David Lamb
Well-Known Member
Servent said:Mostly because this country was founded on the principles of God.
Point taken. I suppose your country had a more definite starting-point than mine. Even so, we don't have to look very far back in our history to find a time when God and His Word played a much more vital role in the life of the nation than it does now.
Servent said:Most Christians will not even read a Sunday school lesson much less read the bible daily.
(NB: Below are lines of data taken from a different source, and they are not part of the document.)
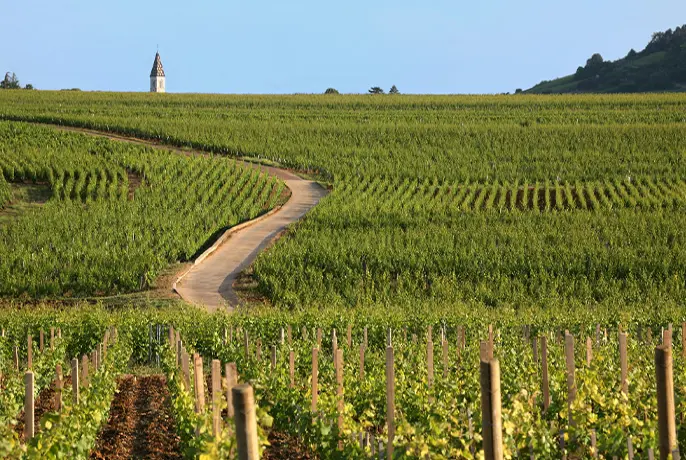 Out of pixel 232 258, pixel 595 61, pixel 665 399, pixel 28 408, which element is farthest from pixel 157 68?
pixel 665 399

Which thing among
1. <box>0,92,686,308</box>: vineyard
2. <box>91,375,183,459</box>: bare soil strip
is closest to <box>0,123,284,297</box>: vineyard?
<box>0,92,686,308</box>: vineyard

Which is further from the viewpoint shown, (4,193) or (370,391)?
(4,193)

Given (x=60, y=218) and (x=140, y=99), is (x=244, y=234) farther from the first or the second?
(x=140, y=99)

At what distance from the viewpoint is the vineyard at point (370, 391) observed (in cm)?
876

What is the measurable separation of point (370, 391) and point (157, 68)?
5235 inches

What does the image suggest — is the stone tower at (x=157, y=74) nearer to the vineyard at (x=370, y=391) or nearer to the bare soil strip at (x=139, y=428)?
the vineyard at (x=370, y=391)

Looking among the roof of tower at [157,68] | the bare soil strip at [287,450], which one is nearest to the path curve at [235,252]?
the bare soil strip at [287,450]

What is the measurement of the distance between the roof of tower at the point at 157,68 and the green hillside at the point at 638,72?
2088 inches

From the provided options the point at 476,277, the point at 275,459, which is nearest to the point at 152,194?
the point at 476,277

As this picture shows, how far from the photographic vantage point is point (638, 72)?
129 metres

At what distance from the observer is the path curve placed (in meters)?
31.6

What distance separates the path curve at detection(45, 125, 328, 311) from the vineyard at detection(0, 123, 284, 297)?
0.77 meters

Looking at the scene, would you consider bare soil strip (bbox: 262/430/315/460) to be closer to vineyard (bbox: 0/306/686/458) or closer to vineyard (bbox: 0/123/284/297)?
vineyard (bbox: 0/306/686/458)

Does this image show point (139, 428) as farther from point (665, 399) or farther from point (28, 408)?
point (665, 399) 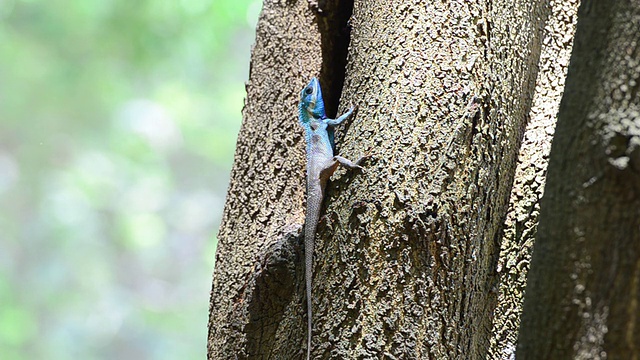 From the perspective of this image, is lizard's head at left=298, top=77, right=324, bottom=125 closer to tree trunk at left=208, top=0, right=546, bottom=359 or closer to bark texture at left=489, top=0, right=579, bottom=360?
tree trunk at left=208, top=0, right=546, bottom=359

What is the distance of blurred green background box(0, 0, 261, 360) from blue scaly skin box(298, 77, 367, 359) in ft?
15.4

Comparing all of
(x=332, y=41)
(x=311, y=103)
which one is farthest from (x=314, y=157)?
(x=332, y=41)

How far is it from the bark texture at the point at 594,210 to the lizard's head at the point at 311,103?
1259mm

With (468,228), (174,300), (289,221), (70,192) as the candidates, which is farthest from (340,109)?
(174,300)

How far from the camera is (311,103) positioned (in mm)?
2361

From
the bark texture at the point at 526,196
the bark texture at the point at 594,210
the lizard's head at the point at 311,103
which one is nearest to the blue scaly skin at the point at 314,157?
the lizard's head at the point at 311,103

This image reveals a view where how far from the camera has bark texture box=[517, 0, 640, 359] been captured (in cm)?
94

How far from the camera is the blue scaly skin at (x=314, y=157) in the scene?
5.74 feet

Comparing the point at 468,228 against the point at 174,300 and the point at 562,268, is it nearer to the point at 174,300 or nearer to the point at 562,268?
the point at 562,268

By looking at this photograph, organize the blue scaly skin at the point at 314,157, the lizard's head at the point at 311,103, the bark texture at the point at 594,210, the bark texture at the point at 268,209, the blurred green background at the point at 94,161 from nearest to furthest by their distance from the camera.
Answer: the bark texture at the point at 594,210 → the blue scaly skin at the point at 314,157 → the bark texture at the point at 268,209 → the lizard's head at the point at 311,103 → the blurred green background at the point at 94,161

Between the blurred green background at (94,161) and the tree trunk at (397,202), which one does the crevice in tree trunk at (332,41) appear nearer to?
the tree trunk at (397,202)

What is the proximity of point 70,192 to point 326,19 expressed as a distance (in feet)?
19.3

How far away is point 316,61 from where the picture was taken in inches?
88.0

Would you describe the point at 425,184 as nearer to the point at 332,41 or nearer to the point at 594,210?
the point at 594,210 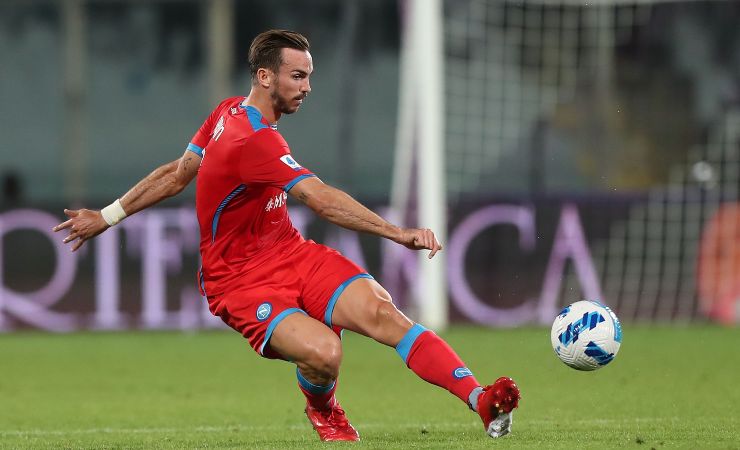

If they are refusing to read the bible (rather than being unable to do so because of physical blindness, illiteracy or what ever), are they really Christians? I don't say that in a judgmental way, but (perhaps because of the way "the world" uses the term Christian) many people are deluded into thinking that you can become a Christian by never doing anyone any harm, or by having parents who were Christians, or by default, because they are not Buddhists or Siekhs or Hindus or ... It is surely because there are people who have such notions that terms like "born again Christian" were coined. After all, God's Word tells us that we must be born again to be a Christian, so the idea of a Christian who has not been born again is unbiblical. In the 2001 UK Census, about 41 million people, out of almost 59 million, said they were Christians. Yet only 3½ million (about 7%) meet to worship God on an average Sunday! There wasn't a question about bible reading in the census, but I would hazard a guess that even less than 3½ million people in the UK read the bible and pray daily. If such people are no more than "nominal Christians", it is sad, but not surprising that they treat the bible with apathy, or take it for granted.